Pell City native wins national book contest

Pell City native and University of Montevallo alumna Tina Mozelle Braziel was recently announced as the winner of the 2017 Philip Levine Prize for Poetry book contest by the Fresno State Master of Fine Arts Program in Creative Writing. The contest includes a $2,000 award and publication of Braziel’s debut full-length book, “Known by Salt.” 

Fresno State sponsors the national prize, which honors the late poet and professor emeritus Philip Levine, a founder of Fresno State’s poetry writing program, a 1995 Pulitzer Prize winner in poetry and the 2011 poet laureate of the United States. 

C. G. Hanzlicek, the Levine Prize final judge and award-winning poet and Fresno State professor emeritus, chose Braziel’s manuscript as the winner out of 867 submissions, the second-highest number of entries in the contest’s history.  

Braziel grew up on the Coosa River in Pell City, Alabama. She received her bachelor’s from UM in 1995 and a Master of Fine Arts degree from the University of Oregon. Her poems have appeared in journals, including The Cincinnati Review, the Southern Humanities Review, the Tampa Review and Appalachian Heritage. Her poetry chapbook, “Rooted by Thirst,” was published in 2016 by Porkbelly Press. 

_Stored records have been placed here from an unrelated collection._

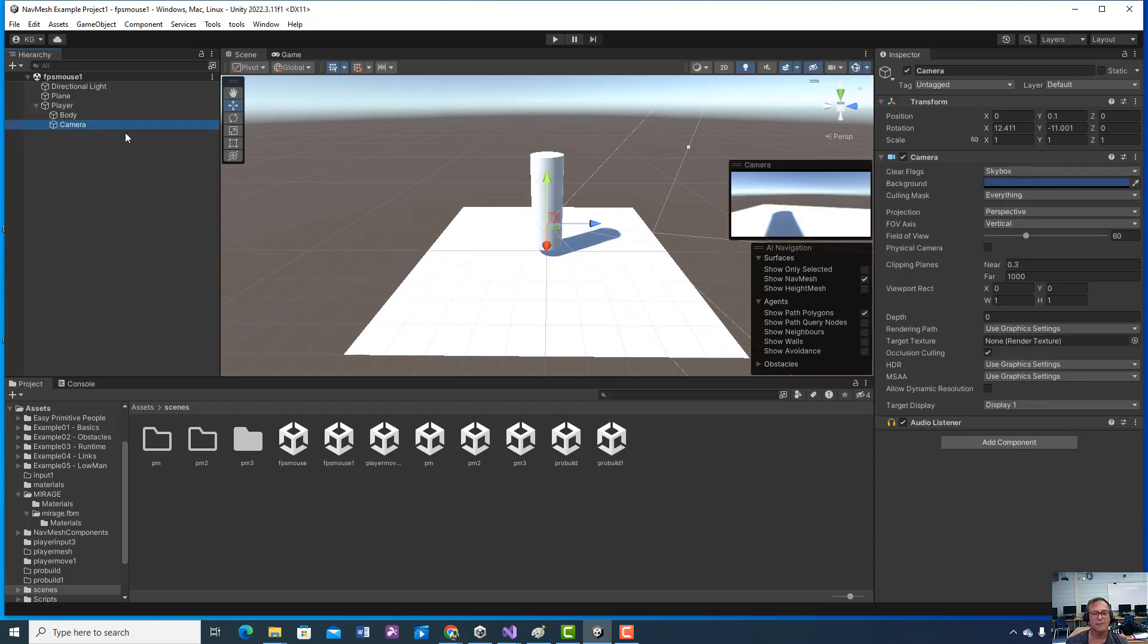So anyway, that's where we are. Make sure you get that done. In the next video, we'll go through the player movement.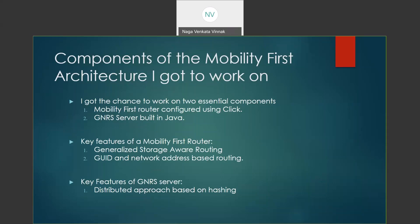The key features of Mobility First Project are that it follows the generalized storage-aware routing, and it has GUID-based routing and network-based routing, making it a hybrid routing structure. The GNRS server, also known as Global Name Resolution Service, is built in Java and directly maps each and every GUID with a particular set of network addresses.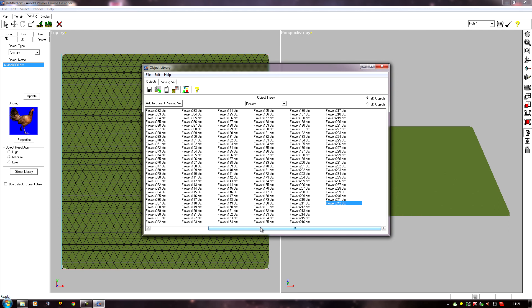And then we have the new custom object in our object library. And as usual, if we want to add it to our planted set, highlight it, add to current planted set, and then save the planting set, as we've done before.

In 2017, Braziel served as an artist-in-residence at Hot Springs National Park in Arkansas, and in 2013 she was awarded a scholarship to the Sewanee Writers’ Conference. She currently directs the Ada Long Creative Writing Workshop at the University of Alabama at Birmingham, an intensive summer program for high school students interested in creative writing as a career or for personal enrichment. 

She and her husband, novelist James Braziel, live and write in a glass cabin that they are building on Hydrangea Ridge in Remlap, Alabama.